Things we know failed:
248 Baker
Topic or event | Action taken | Action required | Notes |
---|---|---|---|
ChemIT UPS in cluster rack died. Would not turn on. | Moved Widom HeadNode to Loring UPS Moved C4 to Loring UPS Removed ChemIT UPS and plugged in to charge, just in case. | ||
ChemIT UPS for Windows servers – limited battery power, Hyper-V machines were not able to shut down gracefully. | Even after 24 hours charging, Synology shows it with only 672 seconds of battery life.
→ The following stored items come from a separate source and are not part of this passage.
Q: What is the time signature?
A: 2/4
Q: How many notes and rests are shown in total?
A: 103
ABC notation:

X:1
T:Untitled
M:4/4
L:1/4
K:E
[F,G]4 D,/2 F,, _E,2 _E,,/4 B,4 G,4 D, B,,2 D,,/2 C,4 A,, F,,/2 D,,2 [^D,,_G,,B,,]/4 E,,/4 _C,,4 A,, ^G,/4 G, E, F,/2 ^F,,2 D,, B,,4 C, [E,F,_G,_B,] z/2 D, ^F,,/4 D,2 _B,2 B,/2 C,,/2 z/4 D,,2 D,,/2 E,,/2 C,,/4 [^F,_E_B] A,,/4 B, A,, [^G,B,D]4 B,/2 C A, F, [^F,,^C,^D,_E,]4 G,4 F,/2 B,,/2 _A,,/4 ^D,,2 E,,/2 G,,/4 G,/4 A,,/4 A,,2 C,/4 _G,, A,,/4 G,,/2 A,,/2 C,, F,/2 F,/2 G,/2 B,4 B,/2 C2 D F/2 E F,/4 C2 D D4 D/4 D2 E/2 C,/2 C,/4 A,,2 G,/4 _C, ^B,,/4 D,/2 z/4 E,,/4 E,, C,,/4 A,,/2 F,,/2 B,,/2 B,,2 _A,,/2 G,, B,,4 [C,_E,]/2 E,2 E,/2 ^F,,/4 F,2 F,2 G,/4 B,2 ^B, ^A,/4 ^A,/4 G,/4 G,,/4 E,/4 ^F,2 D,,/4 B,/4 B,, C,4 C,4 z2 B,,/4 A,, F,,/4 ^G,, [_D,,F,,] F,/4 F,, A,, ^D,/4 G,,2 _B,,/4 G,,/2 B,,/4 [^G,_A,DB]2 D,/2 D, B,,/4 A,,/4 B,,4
Probably not even that | Needs battery or replacement | |
Mathematica license server did not start after restart. | Restarted manually. (common issue) | ||
NMR Web server didn't start up right. | Needed to be kicked a bit to start. | This Gateway needs to go. | |
NMR Router puked | Reprogrammed passwords and forwarding for SSH & RDP. | Needs external administration access configured. |
Other
Topic or event | Action taken | Action required | Notes |
---|---|---|---|
Lee - Steven Lee's SGI had several problems, boot, date, etc. | Lulu wrestled with re-setting (hardware) time. | Advise get UPS? If so, how automate shut-down if no monitor powered? | INC000001652417 |
Marohn - B19 PSB's AS-CHM-Maro-03 RAID-1 had a drive fail. | Oliver tested OK, wiped and re-added to RAID | INC000001652216 | |
Fors - Fors instrument came up and started working. Were both the computer and the instrument previously rebooted? | Roger asked group about reboot history of instrument. | Awaiting group's response (Dillon) on reboot history of instrument | INC000001645245 |
Petersen - His group's UPS died. | Roger got him a quote. | INC000001653506 |